_DIRECTIONS FOR THIS TASK_
Write out nothing except the lines running from the one containing "How to Clean" to the last line of the data, exactly as they stand.

_MATERIAL TO PROCESS_
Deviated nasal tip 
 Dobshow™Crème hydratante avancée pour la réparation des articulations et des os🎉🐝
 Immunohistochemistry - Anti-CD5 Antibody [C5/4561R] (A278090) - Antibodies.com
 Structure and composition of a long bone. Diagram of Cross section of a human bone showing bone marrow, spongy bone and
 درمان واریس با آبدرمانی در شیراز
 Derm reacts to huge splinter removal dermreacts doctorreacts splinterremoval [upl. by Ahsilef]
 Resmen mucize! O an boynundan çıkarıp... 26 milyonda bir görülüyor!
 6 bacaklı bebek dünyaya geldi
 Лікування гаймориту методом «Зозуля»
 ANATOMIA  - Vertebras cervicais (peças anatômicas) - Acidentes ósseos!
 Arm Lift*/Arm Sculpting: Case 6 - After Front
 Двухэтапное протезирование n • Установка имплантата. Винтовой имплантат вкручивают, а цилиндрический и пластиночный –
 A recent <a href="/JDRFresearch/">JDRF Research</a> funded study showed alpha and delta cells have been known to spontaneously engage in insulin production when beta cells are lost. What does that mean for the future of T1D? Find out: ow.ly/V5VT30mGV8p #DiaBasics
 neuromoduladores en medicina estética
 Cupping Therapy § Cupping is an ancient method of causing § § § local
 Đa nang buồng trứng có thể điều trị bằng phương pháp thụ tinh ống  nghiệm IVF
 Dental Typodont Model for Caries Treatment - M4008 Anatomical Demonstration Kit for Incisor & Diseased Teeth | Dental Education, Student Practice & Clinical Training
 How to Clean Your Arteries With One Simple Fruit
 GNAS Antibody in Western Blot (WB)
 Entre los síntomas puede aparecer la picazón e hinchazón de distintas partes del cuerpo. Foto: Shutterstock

_TASK RESULT_
 How to Clean Your Arteries With One Simple Fruit
 GNAS Antibody in Western Blot (WB)
 Entre los síntomas puede aparecer la picazón e hinchazón de distintas partes del cuerpo. Foto: Shutterstock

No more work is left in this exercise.